***** DATA EXCERPTS

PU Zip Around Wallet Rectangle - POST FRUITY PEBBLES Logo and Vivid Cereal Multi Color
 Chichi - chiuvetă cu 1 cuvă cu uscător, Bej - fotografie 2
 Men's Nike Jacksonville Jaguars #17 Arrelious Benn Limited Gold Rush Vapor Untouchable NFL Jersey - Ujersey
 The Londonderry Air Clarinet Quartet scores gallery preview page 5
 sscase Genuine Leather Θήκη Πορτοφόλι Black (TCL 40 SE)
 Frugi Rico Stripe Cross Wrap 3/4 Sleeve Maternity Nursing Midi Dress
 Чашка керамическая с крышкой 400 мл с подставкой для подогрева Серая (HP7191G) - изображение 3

**********

■ **INSTRUCTIONS FOR THE TASK**:
Exactly the lines from the one containing "sscase Genuine Leather" to the final line of the entries must be restated, and no others.

■ **SOLUTION TO THIS TASK**:
 sscase Genuine Leather Θήκη Πορτοφόλι Black (TCL 40 SE)
 Frugi Rico Stripe Cross Wrap 3/4 Sleeve Maternity Nursing Midi Dress
 Чашка керамическая с крышкой 400 мл с подставкой для подогрева Серая (HP7191G) - изображение 3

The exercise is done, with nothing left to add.